■ Activity
As soon as the line containing "Smiling Black Male" appears in the material below, start returning lines exactly, and end with the line containing "view of front".

====== Entries provided ======

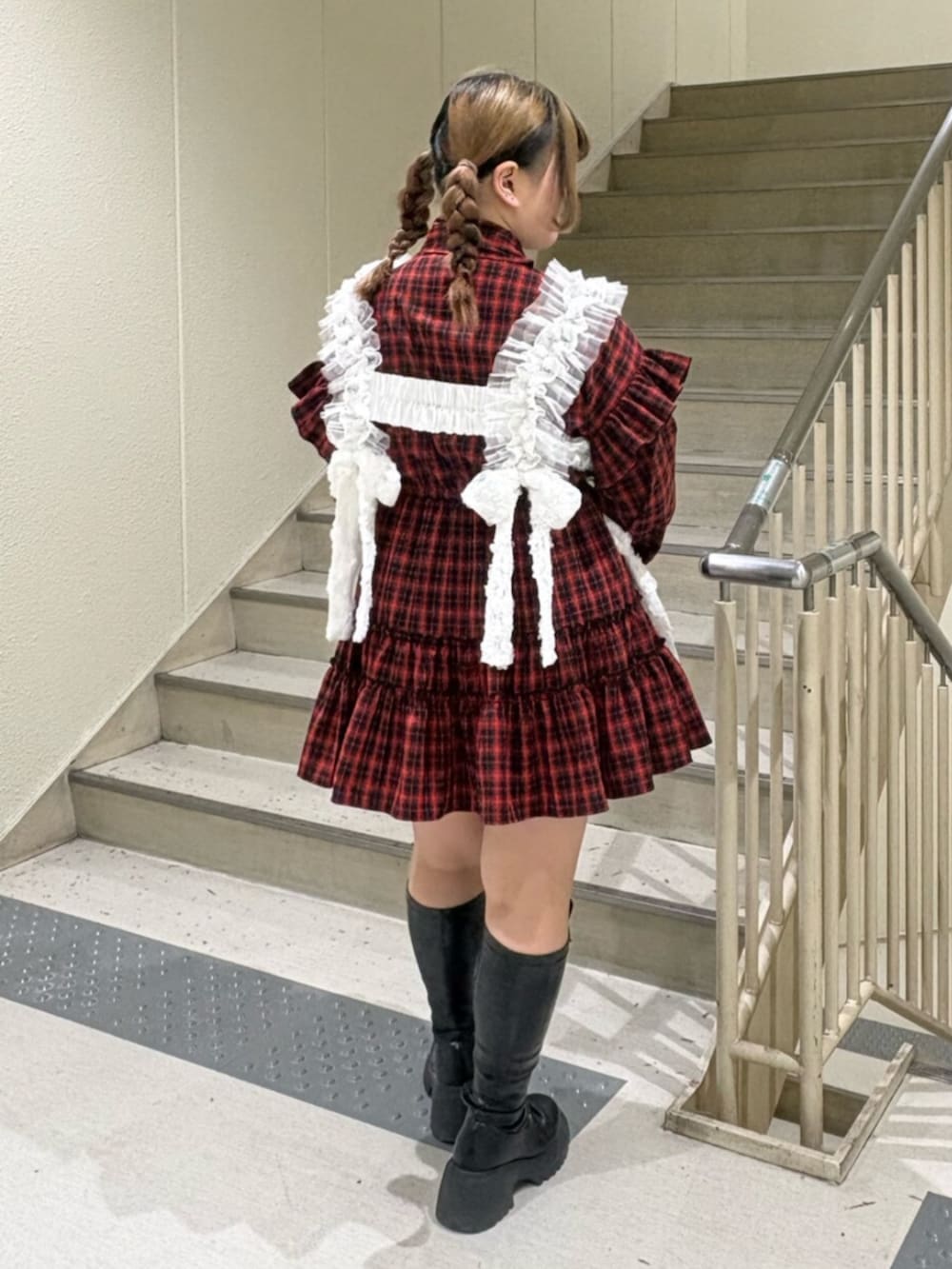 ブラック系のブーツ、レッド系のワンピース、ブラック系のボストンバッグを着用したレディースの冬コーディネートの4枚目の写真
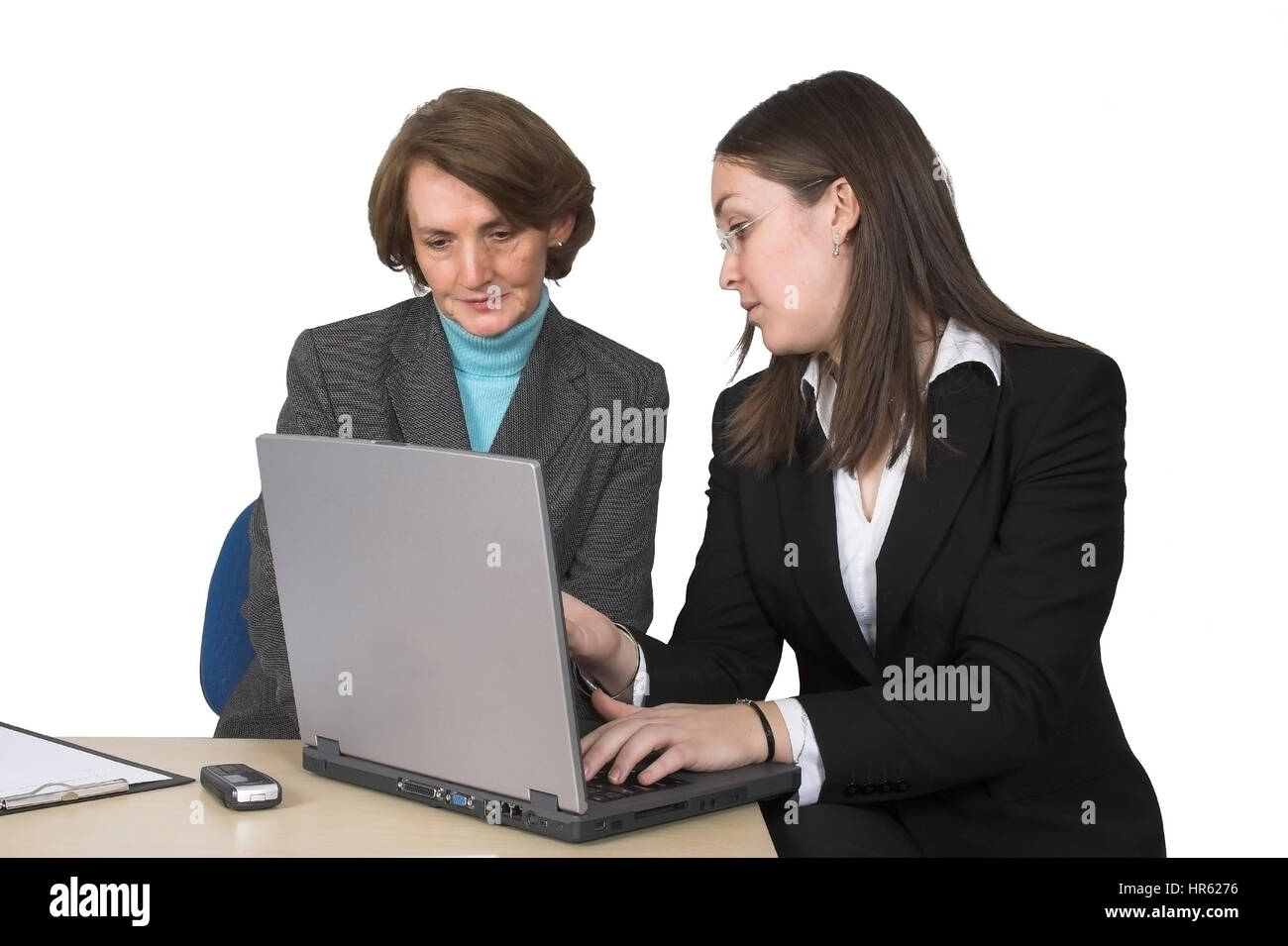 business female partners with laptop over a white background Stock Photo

======
====== Entries provided ======

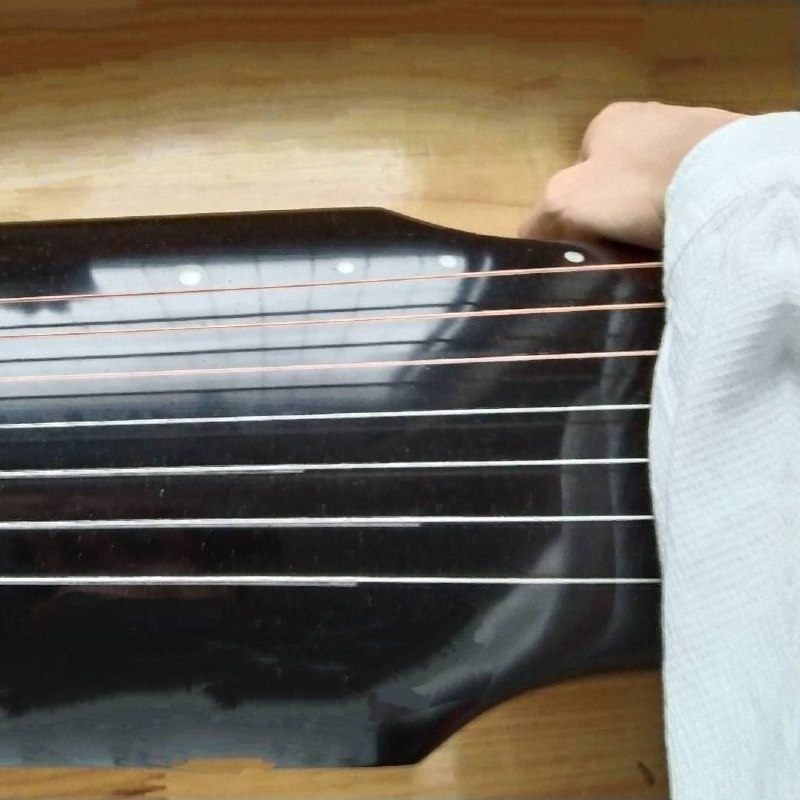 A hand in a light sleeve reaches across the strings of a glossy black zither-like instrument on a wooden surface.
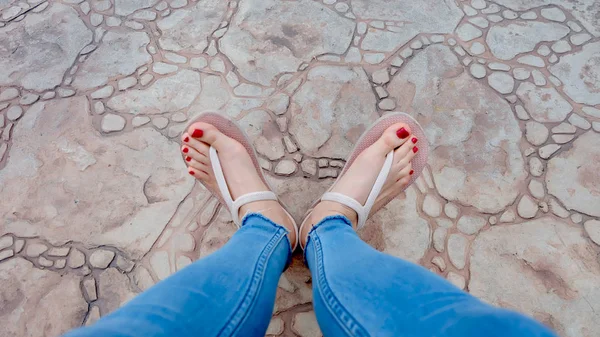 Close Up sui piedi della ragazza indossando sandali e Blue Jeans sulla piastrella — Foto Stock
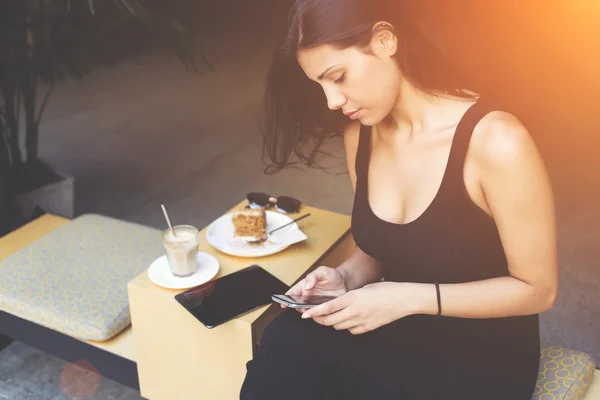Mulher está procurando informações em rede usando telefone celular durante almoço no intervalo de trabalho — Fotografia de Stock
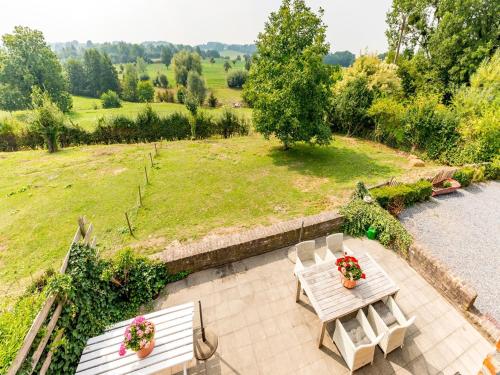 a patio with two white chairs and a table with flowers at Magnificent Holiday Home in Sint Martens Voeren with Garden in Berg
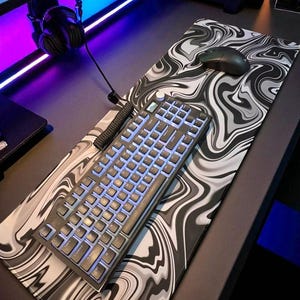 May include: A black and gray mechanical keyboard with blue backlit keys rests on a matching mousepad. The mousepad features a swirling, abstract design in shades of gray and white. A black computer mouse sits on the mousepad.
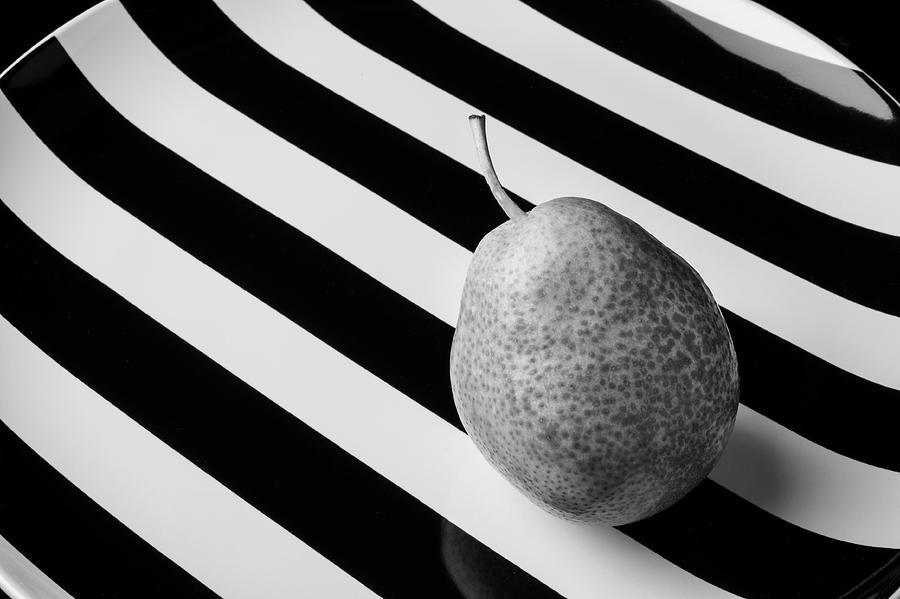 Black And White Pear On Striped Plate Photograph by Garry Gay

======
====== Entries provided ======

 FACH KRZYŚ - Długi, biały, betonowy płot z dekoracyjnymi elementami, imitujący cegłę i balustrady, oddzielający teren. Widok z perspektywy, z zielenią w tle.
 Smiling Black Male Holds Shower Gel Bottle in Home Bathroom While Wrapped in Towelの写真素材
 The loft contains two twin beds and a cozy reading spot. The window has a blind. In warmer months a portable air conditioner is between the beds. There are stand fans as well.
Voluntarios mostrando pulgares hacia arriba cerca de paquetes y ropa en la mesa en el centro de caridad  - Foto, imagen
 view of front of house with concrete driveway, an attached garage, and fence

======

■ Expected answer
 Smiling Black Male Holds Shower Gel Bottle in Home Bathroom While Wrapped in Towelの写真素材
 The loft contains two twin beds and a cozy reading spot. The window has a blind. In warmer months a portable air conditioner is between the beds. There are stand fans as well.
Voluntarios mostrando pulgares hacia arriba cerca de paquetes y ropa en la mesa en el centro de caridad  - Foto, imagen
 view of front of house with concrete driveway, an attached garage, and fence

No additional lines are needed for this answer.